Vuelve con potestad de encarcelar esta persona pasional, capaz de remachar mil veces una decisión errónea que cree honrada, aunque las instancias superiores le adviertan de su equivocación.
El Tribunal Supremo lo expulsó de la carrera judicial porque prevaricó al aprovechar la potestad omnímoda del juez en una obsesión divina de enmendar entuertos.
Pero el actual Gobierno lo indultó, y el Poder Judicial le devolvió el miércoles, 8 de mayo, la autoridad para encarcelar.
No se trata de por qué lo sentenciaron. No importa ahora.
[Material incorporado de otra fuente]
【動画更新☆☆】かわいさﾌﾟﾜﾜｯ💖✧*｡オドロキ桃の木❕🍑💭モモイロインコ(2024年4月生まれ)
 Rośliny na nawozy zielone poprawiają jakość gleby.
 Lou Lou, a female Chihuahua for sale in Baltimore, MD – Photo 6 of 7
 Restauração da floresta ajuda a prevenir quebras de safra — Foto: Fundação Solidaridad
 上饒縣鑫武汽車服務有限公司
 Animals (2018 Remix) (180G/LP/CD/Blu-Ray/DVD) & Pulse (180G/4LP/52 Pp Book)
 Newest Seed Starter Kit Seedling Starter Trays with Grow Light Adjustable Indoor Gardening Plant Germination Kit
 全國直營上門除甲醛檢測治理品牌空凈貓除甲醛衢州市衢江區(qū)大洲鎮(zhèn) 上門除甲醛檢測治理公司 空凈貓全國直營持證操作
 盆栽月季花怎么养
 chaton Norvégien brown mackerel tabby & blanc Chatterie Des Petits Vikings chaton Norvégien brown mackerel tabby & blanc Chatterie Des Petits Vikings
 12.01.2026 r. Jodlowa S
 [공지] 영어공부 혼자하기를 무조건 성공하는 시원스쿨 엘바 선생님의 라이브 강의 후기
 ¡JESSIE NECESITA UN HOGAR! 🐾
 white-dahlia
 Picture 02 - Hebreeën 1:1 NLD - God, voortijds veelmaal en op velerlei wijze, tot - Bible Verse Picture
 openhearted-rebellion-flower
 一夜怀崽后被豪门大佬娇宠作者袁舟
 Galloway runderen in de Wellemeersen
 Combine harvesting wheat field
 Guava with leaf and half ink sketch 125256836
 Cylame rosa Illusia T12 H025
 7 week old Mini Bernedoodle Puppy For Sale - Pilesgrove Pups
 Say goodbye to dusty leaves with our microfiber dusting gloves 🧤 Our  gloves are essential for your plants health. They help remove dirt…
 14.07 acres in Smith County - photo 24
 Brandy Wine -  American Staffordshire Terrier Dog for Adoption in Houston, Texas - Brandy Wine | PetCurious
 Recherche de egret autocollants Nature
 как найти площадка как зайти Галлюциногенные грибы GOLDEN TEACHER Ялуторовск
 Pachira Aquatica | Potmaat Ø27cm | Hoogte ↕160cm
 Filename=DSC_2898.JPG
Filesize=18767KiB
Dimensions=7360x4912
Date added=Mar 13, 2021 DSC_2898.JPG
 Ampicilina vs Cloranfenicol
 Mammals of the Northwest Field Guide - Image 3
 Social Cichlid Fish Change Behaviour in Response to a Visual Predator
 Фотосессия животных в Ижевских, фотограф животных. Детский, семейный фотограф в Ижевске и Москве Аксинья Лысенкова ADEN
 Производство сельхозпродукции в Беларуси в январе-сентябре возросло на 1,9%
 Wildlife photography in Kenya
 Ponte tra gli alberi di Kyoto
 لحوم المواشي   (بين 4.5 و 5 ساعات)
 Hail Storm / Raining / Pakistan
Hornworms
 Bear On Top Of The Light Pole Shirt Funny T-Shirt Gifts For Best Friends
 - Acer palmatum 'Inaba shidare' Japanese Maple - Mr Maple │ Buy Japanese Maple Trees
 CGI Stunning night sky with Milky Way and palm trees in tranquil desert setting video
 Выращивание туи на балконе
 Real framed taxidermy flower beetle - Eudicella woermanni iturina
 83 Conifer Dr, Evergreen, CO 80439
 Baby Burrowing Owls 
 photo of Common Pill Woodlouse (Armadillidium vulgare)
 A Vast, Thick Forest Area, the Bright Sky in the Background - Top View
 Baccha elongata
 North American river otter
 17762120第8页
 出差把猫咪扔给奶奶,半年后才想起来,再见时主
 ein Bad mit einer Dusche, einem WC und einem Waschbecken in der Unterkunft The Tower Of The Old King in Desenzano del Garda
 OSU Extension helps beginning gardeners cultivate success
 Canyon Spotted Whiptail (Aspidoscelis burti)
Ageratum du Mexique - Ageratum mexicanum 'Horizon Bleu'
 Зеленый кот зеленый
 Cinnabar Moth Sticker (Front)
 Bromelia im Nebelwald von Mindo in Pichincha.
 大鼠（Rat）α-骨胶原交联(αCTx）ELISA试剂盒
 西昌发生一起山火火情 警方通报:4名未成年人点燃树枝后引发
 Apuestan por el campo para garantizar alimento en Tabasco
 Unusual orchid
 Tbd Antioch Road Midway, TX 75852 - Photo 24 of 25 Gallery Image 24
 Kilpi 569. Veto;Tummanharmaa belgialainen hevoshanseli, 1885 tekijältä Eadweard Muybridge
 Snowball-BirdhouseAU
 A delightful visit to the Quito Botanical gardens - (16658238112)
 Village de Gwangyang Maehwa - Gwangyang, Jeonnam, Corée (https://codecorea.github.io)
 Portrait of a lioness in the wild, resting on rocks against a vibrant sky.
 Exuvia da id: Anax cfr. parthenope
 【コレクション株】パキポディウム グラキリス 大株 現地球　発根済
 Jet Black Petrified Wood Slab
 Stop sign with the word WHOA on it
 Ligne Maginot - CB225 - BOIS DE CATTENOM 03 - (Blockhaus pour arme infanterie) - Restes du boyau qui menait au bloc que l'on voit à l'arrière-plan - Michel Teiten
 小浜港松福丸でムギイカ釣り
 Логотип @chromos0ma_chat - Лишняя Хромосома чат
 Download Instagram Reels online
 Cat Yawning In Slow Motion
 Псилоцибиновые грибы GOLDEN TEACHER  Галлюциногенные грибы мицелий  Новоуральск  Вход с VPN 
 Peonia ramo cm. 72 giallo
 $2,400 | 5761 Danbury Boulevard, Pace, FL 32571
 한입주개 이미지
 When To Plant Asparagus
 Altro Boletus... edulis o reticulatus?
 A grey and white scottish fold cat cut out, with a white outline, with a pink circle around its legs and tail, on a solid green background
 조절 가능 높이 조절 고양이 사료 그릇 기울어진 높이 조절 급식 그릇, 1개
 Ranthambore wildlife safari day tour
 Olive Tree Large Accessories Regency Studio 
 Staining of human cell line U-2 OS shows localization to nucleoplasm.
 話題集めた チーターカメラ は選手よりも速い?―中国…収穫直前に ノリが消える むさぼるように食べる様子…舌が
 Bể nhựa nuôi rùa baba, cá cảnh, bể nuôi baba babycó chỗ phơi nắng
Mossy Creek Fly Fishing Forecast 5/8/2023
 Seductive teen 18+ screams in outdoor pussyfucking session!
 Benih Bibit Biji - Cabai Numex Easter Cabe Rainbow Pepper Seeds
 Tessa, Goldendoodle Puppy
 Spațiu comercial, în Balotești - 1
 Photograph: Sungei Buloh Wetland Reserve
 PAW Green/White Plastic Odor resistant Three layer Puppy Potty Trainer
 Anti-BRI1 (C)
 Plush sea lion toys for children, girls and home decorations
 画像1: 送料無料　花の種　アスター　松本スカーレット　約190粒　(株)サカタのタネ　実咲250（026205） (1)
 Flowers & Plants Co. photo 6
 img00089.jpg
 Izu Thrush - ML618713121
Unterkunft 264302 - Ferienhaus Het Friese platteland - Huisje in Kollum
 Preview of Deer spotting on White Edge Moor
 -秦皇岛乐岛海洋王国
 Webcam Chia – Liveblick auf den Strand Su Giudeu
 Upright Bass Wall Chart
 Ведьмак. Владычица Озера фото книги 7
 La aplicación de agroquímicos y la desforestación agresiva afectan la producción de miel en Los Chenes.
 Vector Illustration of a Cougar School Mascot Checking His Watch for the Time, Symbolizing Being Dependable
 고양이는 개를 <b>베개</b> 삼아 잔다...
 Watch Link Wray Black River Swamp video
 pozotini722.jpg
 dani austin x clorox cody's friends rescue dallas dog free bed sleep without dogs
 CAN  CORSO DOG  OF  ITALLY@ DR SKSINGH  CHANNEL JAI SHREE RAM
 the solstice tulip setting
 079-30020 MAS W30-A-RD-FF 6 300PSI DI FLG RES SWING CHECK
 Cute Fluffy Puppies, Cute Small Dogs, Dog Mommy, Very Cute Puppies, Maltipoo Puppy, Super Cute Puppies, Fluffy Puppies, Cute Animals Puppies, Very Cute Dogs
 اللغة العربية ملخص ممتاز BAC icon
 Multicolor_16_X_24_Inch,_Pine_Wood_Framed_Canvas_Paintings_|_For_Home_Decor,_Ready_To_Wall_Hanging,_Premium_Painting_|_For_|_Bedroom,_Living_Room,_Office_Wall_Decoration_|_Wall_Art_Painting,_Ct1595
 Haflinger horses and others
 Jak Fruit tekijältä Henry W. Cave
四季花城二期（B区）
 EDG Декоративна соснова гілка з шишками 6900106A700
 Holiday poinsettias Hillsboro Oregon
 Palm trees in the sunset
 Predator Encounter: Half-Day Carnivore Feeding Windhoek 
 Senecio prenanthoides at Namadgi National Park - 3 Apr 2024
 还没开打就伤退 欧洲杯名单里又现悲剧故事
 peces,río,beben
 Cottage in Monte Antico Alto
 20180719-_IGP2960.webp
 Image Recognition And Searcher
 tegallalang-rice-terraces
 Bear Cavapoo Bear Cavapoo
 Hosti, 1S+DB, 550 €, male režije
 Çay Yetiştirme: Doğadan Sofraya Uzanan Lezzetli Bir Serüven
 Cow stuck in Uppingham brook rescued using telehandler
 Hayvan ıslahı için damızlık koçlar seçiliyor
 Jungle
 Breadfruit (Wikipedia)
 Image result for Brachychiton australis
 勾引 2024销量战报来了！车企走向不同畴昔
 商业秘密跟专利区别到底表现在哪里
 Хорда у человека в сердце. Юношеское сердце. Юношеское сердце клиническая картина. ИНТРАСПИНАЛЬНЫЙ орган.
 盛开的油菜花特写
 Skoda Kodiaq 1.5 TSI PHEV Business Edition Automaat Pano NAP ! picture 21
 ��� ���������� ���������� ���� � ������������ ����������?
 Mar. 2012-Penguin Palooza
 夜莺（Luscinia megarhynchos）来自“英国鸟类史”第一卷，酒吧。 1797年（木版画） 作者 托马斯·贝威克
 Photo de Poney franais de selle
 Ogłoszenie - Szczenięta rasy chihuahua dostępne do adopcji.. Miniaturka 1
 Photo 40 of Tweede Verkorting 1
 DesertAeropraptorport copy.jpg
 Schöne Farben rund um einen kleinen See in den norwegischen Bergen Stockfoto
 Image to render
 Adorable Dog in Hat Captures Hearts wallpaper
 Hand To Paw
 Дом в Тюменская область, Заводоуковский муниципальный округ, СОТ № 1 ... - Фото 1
El caso es que él mismo se definió como vehemente y recalcitrante en su libro “Pasos perdidos”, venganza contra quienes lo habían juzgado, contra el cabildo de jueces estrella al que perteneció, y a favor de grupos cercanos a él, con intereses tan marcados como los de los contrarios, a los que él perseguía.
La Ley del Jurado sería eficaz si los ciudadanos pudieran juzgar a los jueces. Nadie indultaría a quien el pueblo hubiera condenado, para evitar que éste condenara luego al pueblo.
Caer bajo la potestad de jueces apasionados es medio morir, y ahora, de nuevo, un juez llamado Javier Gómez de Liaño, con antecedentes penales, puede encarcelarnos.
Es para tener miedo: de él, del ejemplo y de la justicia.